The Miser and the Fairies:

According to this legend, a miser was walking across a field inhabited by fairies. He refused to share his gold, or offer payment for crossing through their land.

As punishment, the fairies poked a hole in his purse, so that all the coins fell out one by one as he crossed the field. The coins were then transformed into yellow flowers, so the miser would never find them again.

North American Tribal Mythology:

Some tribes refer to the buttercup flower as ‘Coyote’s Eyes’, in reference to a myth where Coyote’s original eyes were stolen by an Eagle, and he used the flowers to fashion himself new eyes.


What Do Buttercups Symbolize?

Buttercups have a number of symbolic meanings.
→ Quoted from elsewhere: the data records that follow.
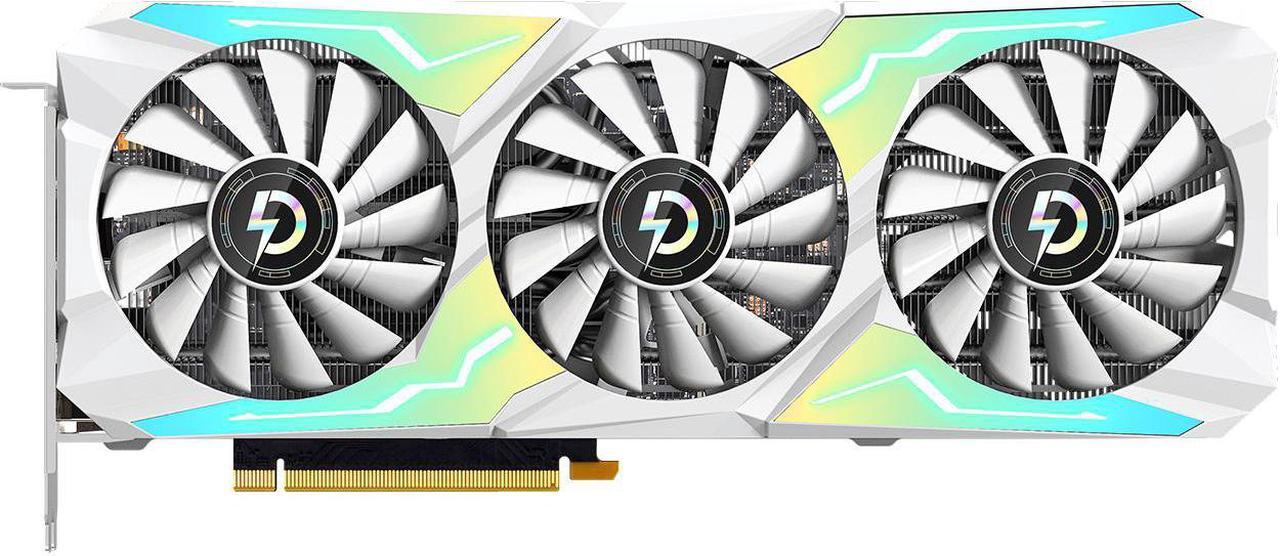 Peladn NVIDIA GeForce RTX 3080 Ti GPU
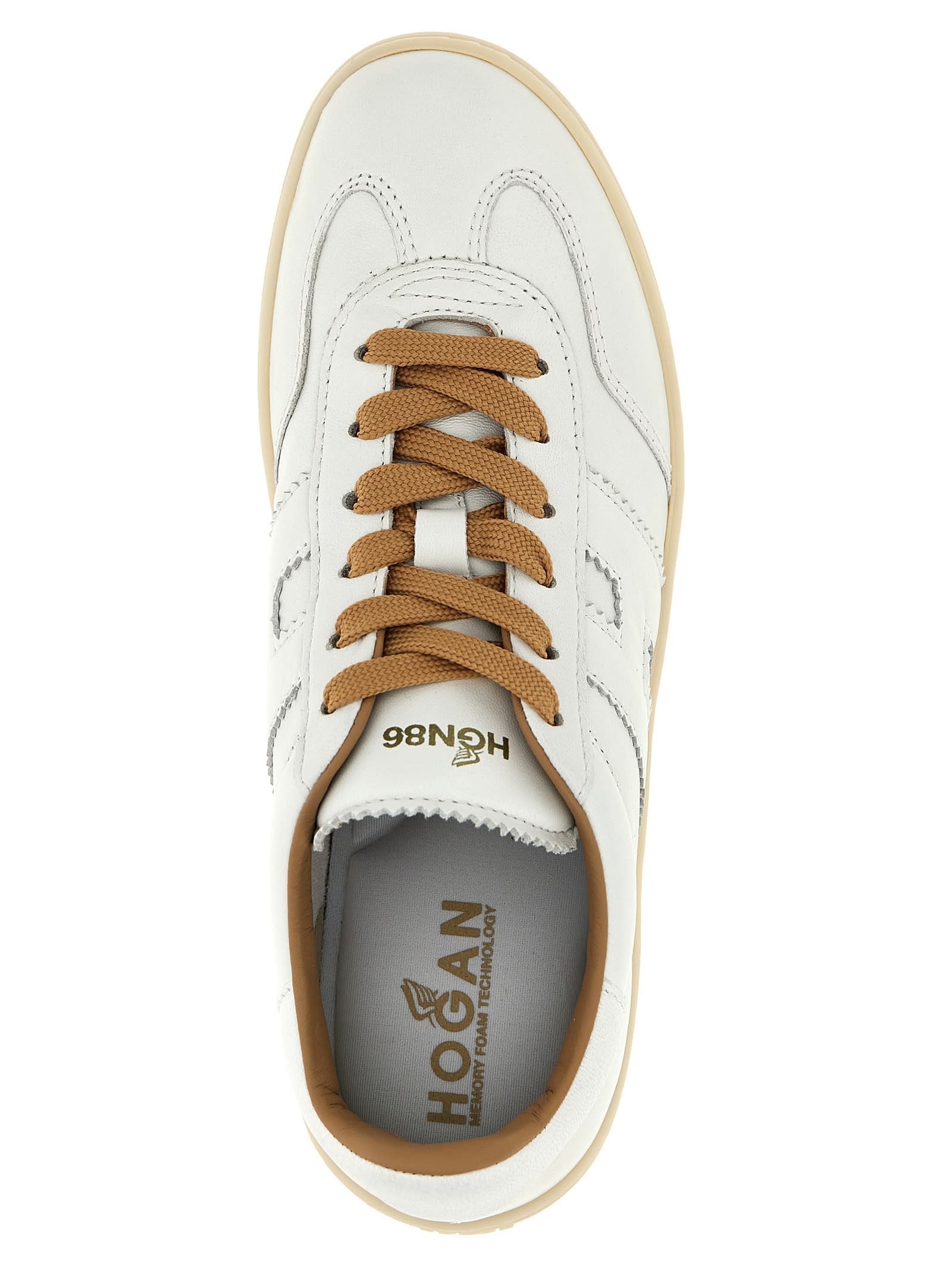 Hogan Cool Sneakers | italist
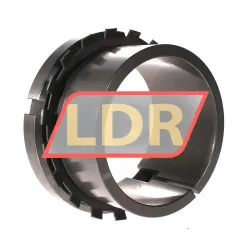 SKF H3026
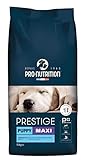 Pro-Nutrition Flatazor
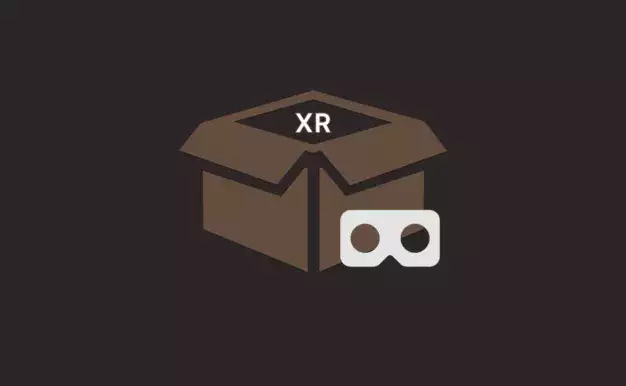 Media Library StashXR Oculus Meta Quest VR Tool<span class="mi-jiaobiao" style="background-color: #ff0000;">Video VIP</span>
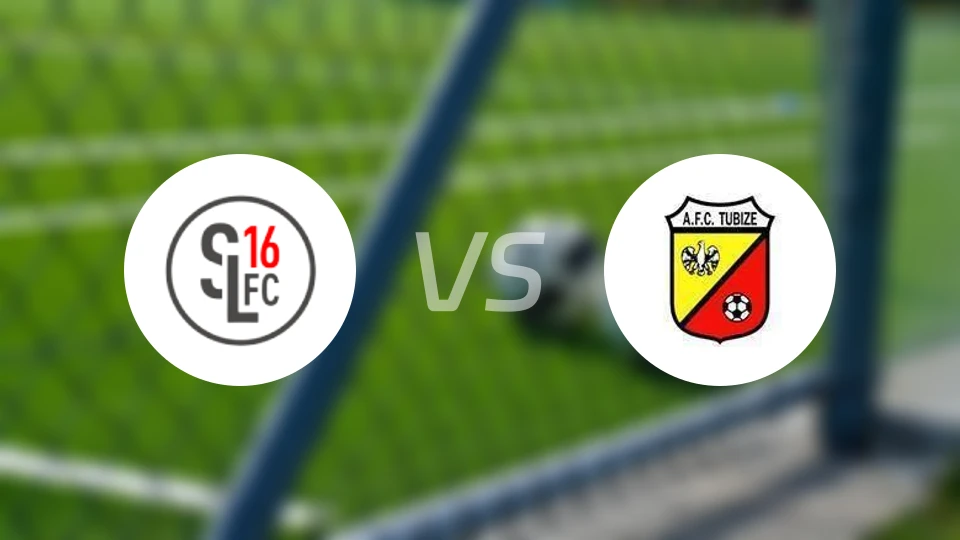 标准列日B队vs蒂比兹比分预测【2025/11/30】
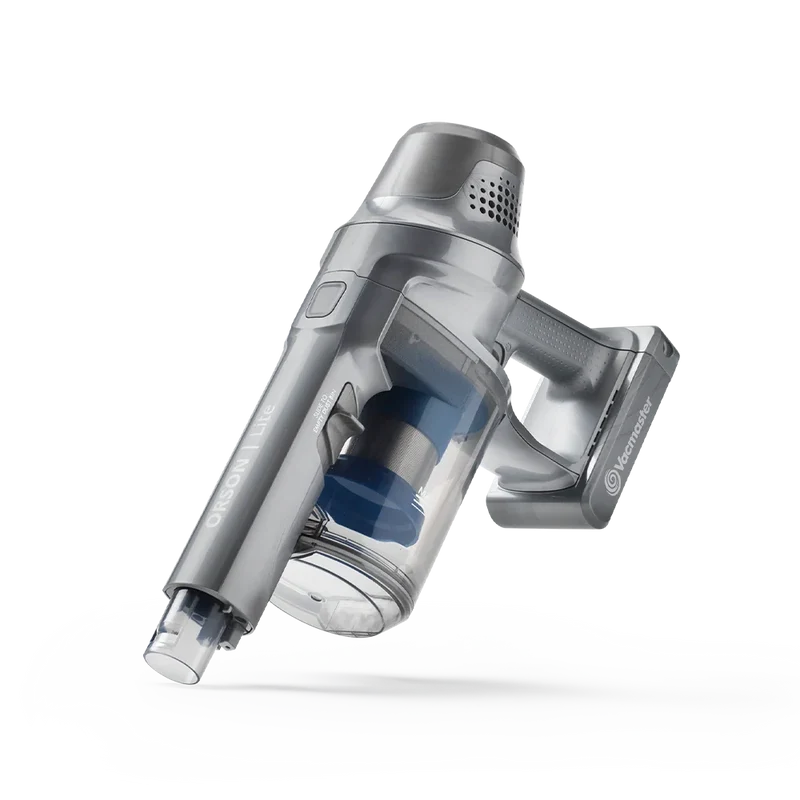 Vacmaster Orson Lite 24V | Cordless Vacuum Cleaner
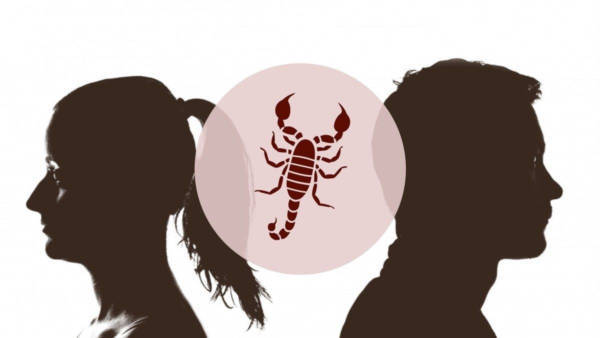 Mit einer Skorpionfrau Schluss machen: Was Sie wissen müssen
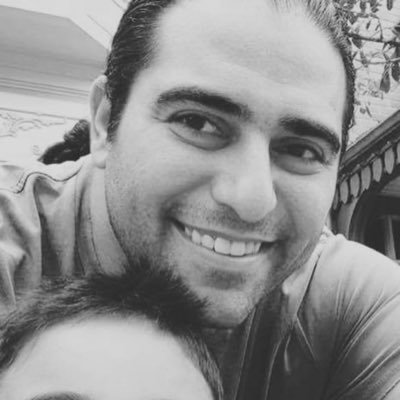 realhzakaria's profile picture. Mount Lebanese | American | Christian Lebanon Founding Member | Reviving Aramaic | Rebuilding Mount Lebanon | Keeping America Christian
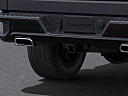 Thumbnail image of 2023 Chevrolet Silverado 1500 at Nesenger 112 Chevrolet Hyundai Mazda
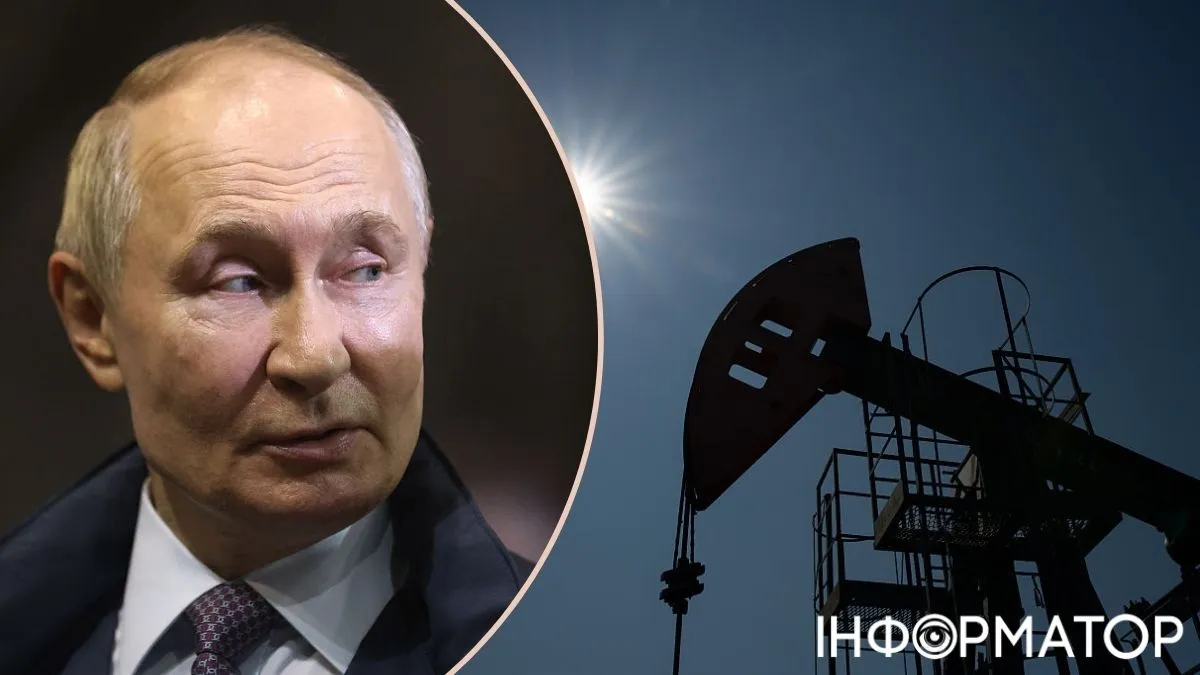 Індія наполегливо відмовляється від російської нафти, навіть з шаленою знижкою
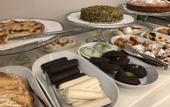 Туры в отель Etnea Style Catania Comfort Rooms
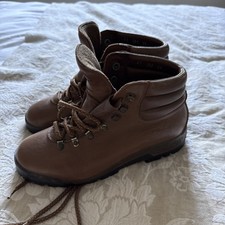 Stivali da passeggio Zamberlan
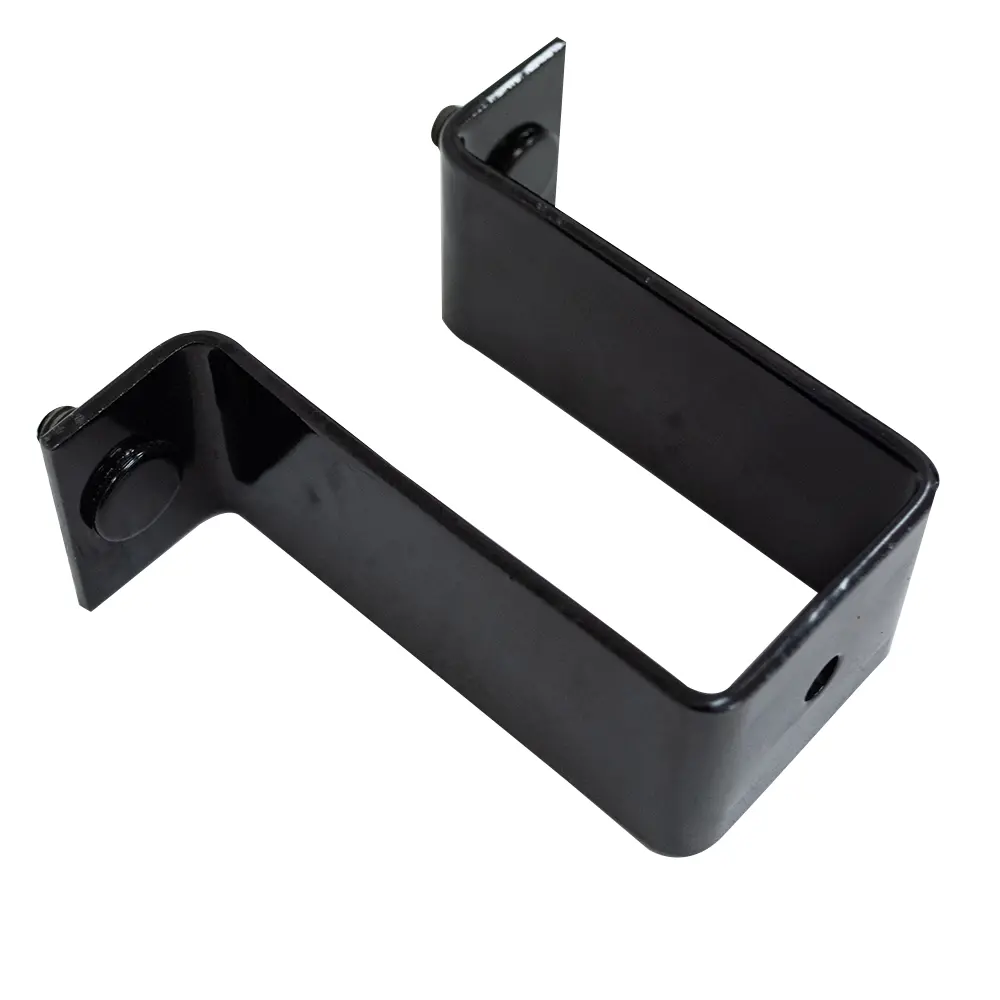 Duromax Replacement Generator Engine Frame Shock Absorption Support - Dmxp-55Hx-016-Efsas1 1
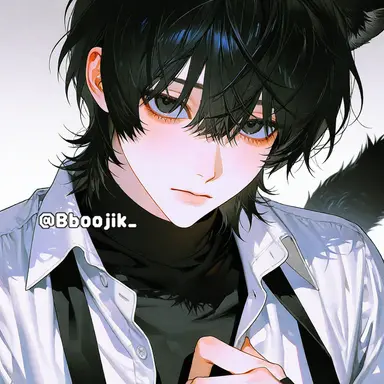 Profile image of Seo Eun-gyeol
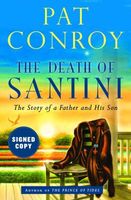 The Death of Santini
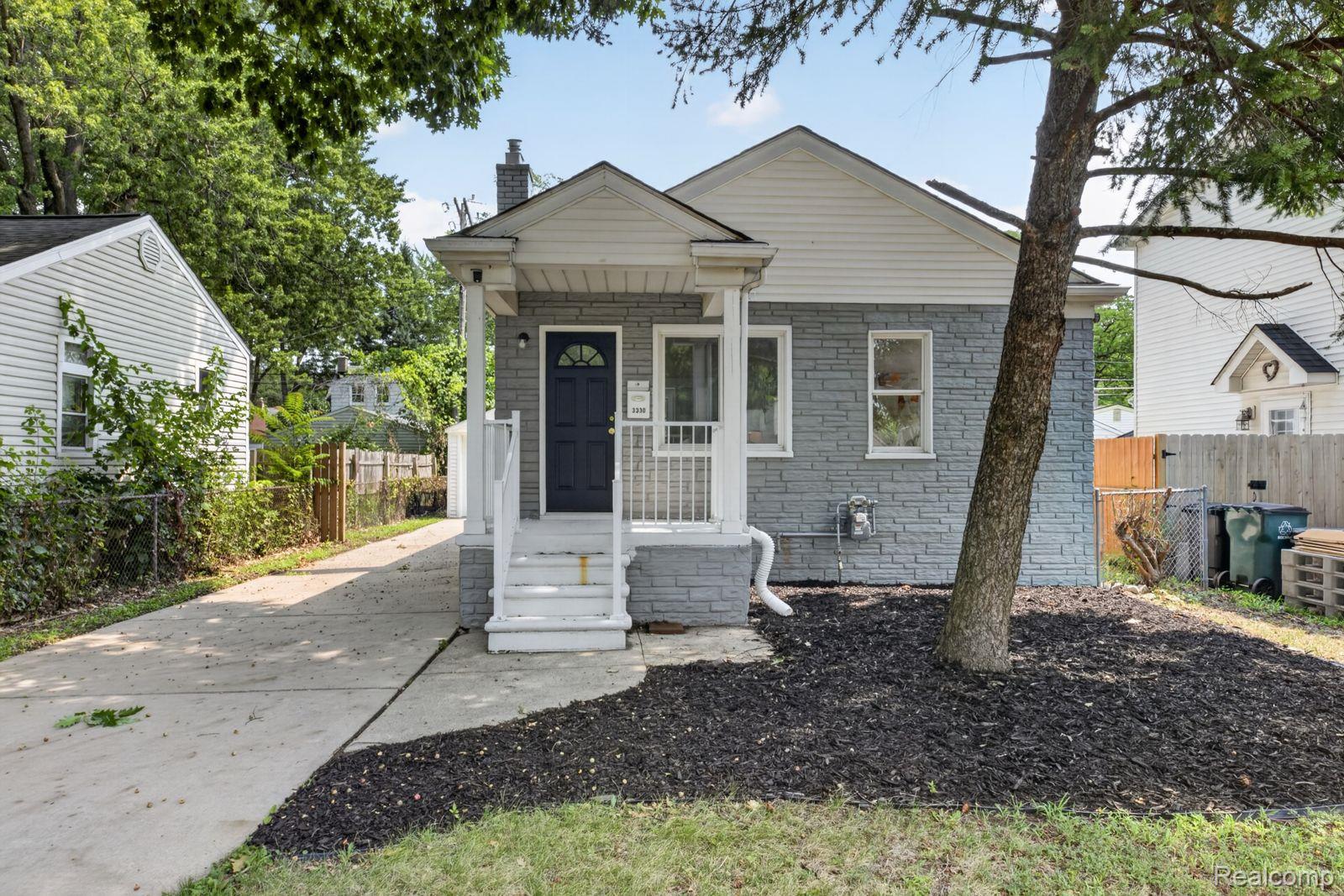 3330 Harris Street Property Photo 26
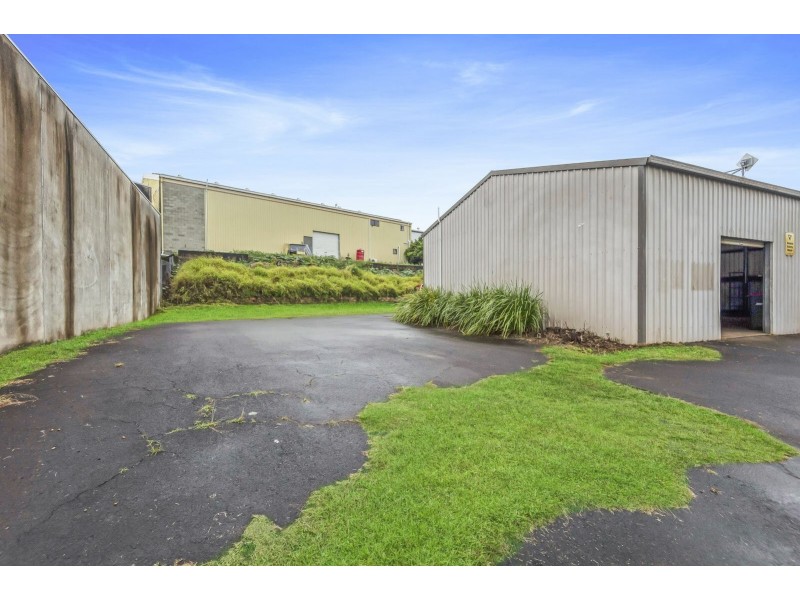 3 Russellton Drive, Alstonville NSW 2477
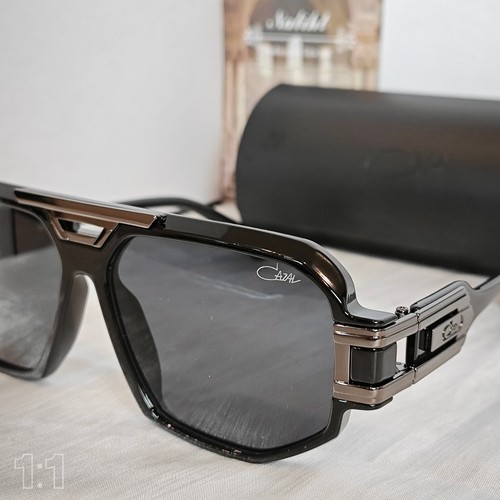 Cazal sunglasses glasses - cazal, all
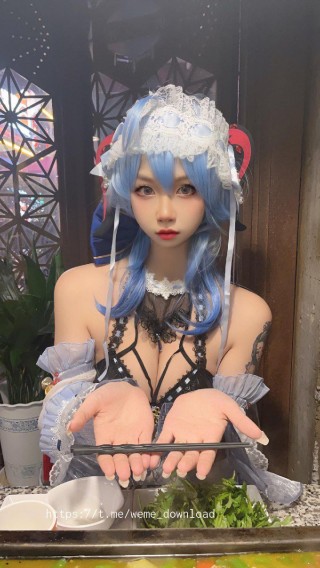 云朵儿 2023-11-04 01:13:48 请用餐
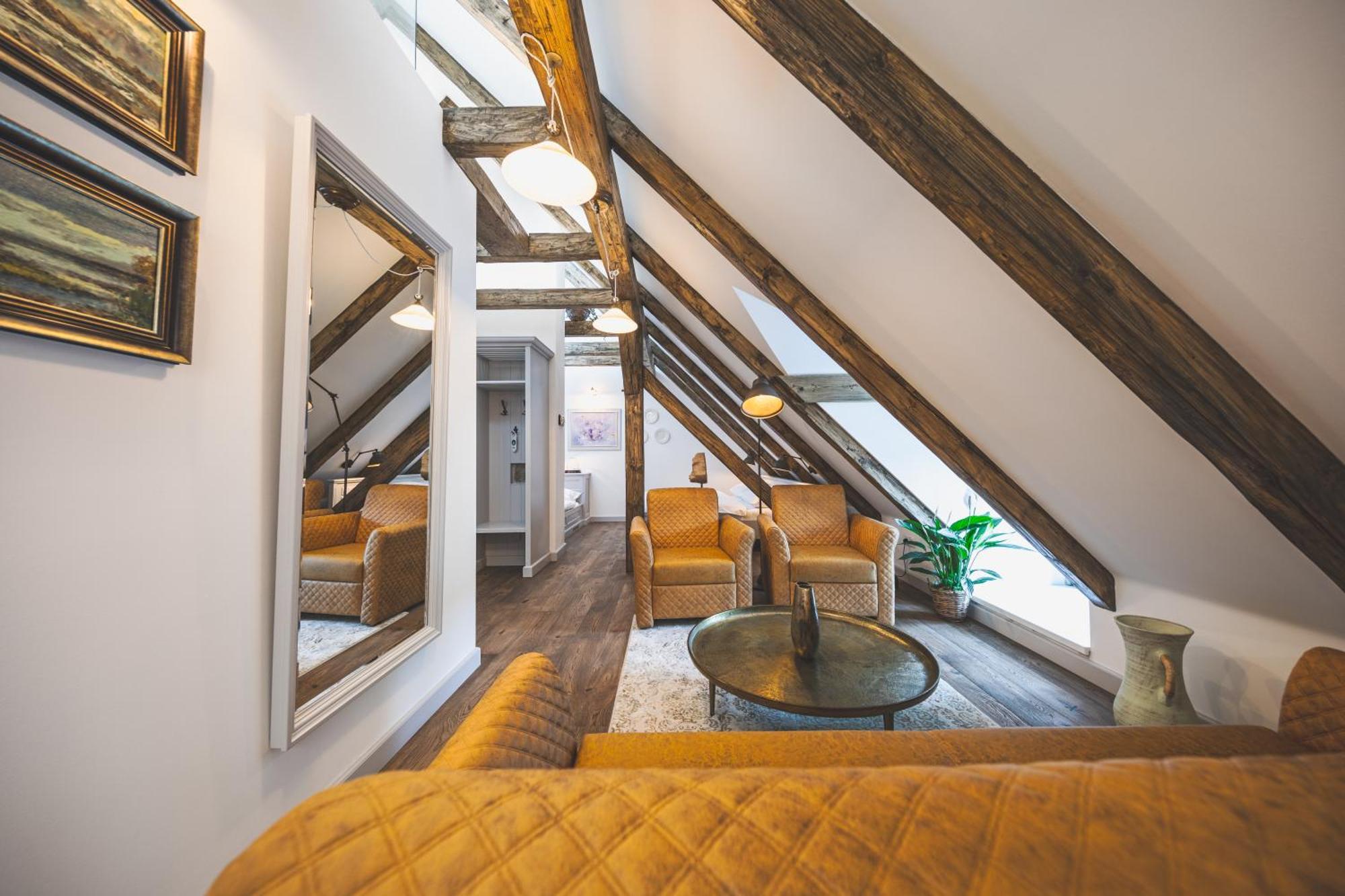 Apartmany Supina Třeboň Extérieur photo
As flowers, these meanings include:

  • Neatness: The simple, five-petal design is thought to symbolize an organized mind
  • Childishness or Youth: A reference to their use in children’s games
  • Joy/Happiness: For their bright color
  • Friendship: For youthful closeness
  • Charm/Humility: In keeping with their bright and simplistic appearance

While North American and European buttercups are mostly yellow, Middle Eastern buttercups come in other colors. These different colors carry their own individual meanings.

  • Yellow: Joy, Happiness and New Beginnings
  • Green: Good Fortune, Youth, Renewal and Optimism
  • Pink: Romantic Interest, Platonic Love, or Youthful Interest
  • Purple: Dignity, Royalty, Success and Grace
  • Orange: Enthusiasm, Energy, Power, Friendship and Recovery
  • Red: Passion, Healing, and Devotion

What Do Buttercup Tattoos Mean?

As a tattoo, Buttercups are often done in yellow, and meant to symbolize Confidence and Self-Worth.

They are also thought to represent the Power of Words.

While these are their most common symbolic meanings, they are far from the only meaning these tattoos can carry.

Buttercups in tattoos can also represent things like life-long friendships, or childish joy.

Multiple blooms in reds, oranges and yellows might symbolize joy in new beginnings, or renewed happiness during or following recovery from a difficult time in one’s life.

Likewise, the same flowers may be used as a tattoo to symbolize well wishes for another, or as a reminder to find hope and joy in the face of troubling times.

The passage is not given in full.